Record set:
== Segment start ==

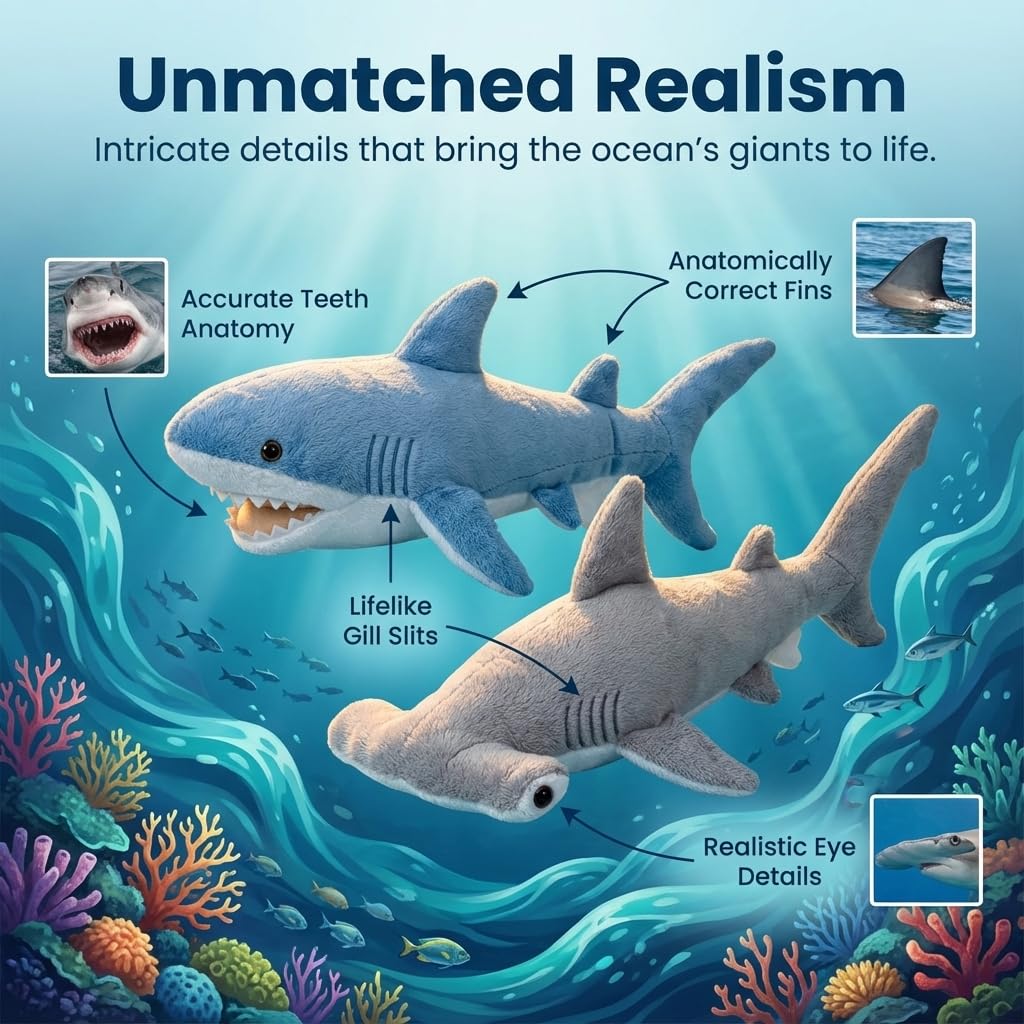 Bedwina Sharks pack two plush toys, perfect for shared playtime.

== Segment end ==
== Segment start ==

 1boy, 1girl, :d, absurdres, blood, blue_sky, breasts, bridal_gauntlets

== Segment end ==
== Segment start ==

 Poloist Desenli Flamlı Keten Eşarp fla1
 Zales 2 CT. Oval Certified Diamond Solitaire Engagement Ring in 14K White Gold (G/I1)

== Segment end ==

Goal of the exercise:
Please give back exactly the lines of this listing beginning at the line with "Poloist Desenli Flamlı Keten Eşarp fla1" and ending with the line with "Zales 2 CT.", both included, and nothing else.

Result:
 Poloist Desenli Flamlı Keten Eşarp fla1
 Zales 2 CT. Oval Certified Diamond Solitaire Engagement Ring in 14K White Gold (G/I1)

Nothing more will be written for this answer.